If I had to pick only one kind of cookie to eat for the rest of my life, I think I’d pick a soft ginger cookie. Specifically, these.
I first tried one of these wonders at Whit and Dave’s (aka The Wave) holiday party. The cookie blew my mind. I think I ate 5 that night. This was years ago, back when they still lived off of Franklin Street. When I first moved back to SF and was homeless for a month or two, I spent more than a few nights at that apartment in their spare closet-converted bedroom getting some of the best sleep of my life. So dark and cozy. Not unlike the inside of a ginger cookie, come to think of it. But, I digress…
Whit is the best baker I know. She has a whisk of gold and that magic touch. In 5th grade, I would go over to her house and we would bake together. Cookies, cakes, heart-shaped pizzas for Valentine’s Day. One day we baked a chocolate cake that called for confectioner’s sugar. We didn’t know what that meant, so we just used regular white sugar. The cake turned out like a mud bath, jiggly and grainy and completely unsuitable for eating, but perfect for squishing between our hands. We made gooey, wobbly patties and called them babycakes. I like to think we topped them with whipped cream and served them to her family anyway, but I can’t remember. It’s entirely possible that poor babycakes went straight into the trash.
This ginger cookie recipe, adapted slightly by Whit, comes straight out of Bon Appetit’s March 2000 issue. 15 years ago, my friends. It’s a classic. A few tips: I recommend using a rounded teaspoon’s worth of dough to make each cookie ball. I made them a little too big and some the dough ran together while baking (tastes just as good but looks a little messy). Also, the cookies might not seem completely done when you take them out of the oven. That’s ok! You want them soft. They are crowd pleasers, I promise.
Babycakes’ Ginger Spice Cookies
Adapted from Bon Appetit
Makes about 30
2 cups all purpose flour
2 1/2 teaspoons ground ginger
2 teaspoons baking soda
1 teaspoon ground cinnamon
1 teaspoon ground cloves
3/4 teaspoon salt
3/4 cup finely chopped crystallized ginger
1 cup (packed) dark brown sugar
1 stick unsalted butter, room temperature
1 large egg
1/4 cup mild-flavored (light) molasses
Combine first 6 ingredients in medium bowl; whisk to blend. Mix in crystallized ginger. Using electric mixer, beat brown sugar and butter in large bowl until fluffy. Add egg and molasses and beat until blended. Add flour mixture and mix just until blended. Cover and refrigerate 1 hour.

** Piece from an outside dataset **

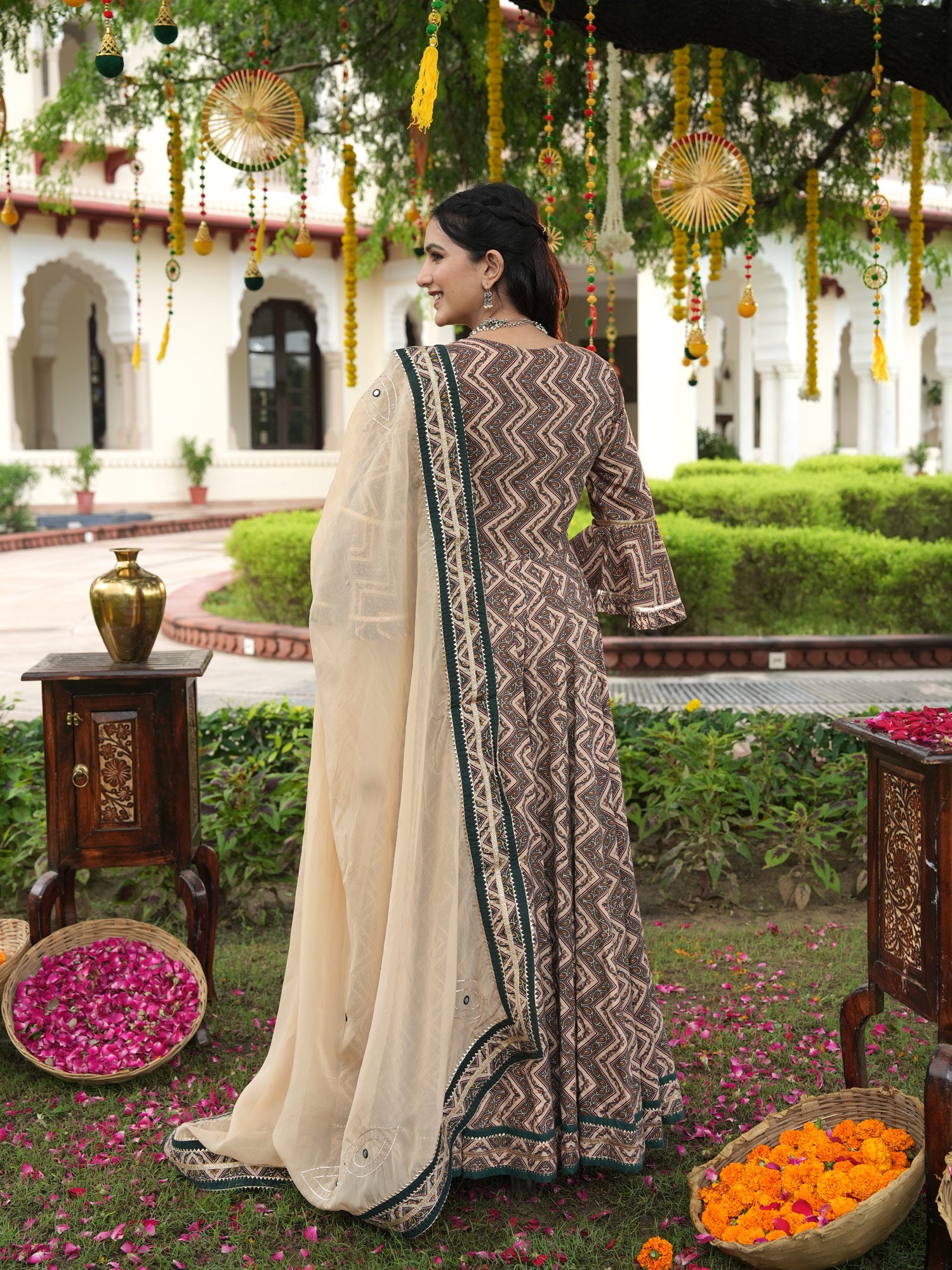 Parvaneh Gul Anarkali Suit Set - Indianvirasat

Preheat oven to 350°F. Lightly butter 2 baking sheets. Spoon cinnamon sugar (ratio should be 1/4 cup sugar to 1 tablespoon cinnamon) in thick layer onto small plate. Using wet hands, form dough into 1 1/4-inch balls; roll in cinnamon sugar to coat completely. Place balls on prepared sheets, spacing 2 inches apart.
Bake cookies until cracked on top but still soft to touch, about 12 minutes. Cool on sheets 1 minute. Carefully transfer to racks and cool. Cookies can be made 5 days ahead. Store airtight at room temperature.
Serve solo or with vanilla bean ice cream. You could make ice cream sandwiches. Just sayin.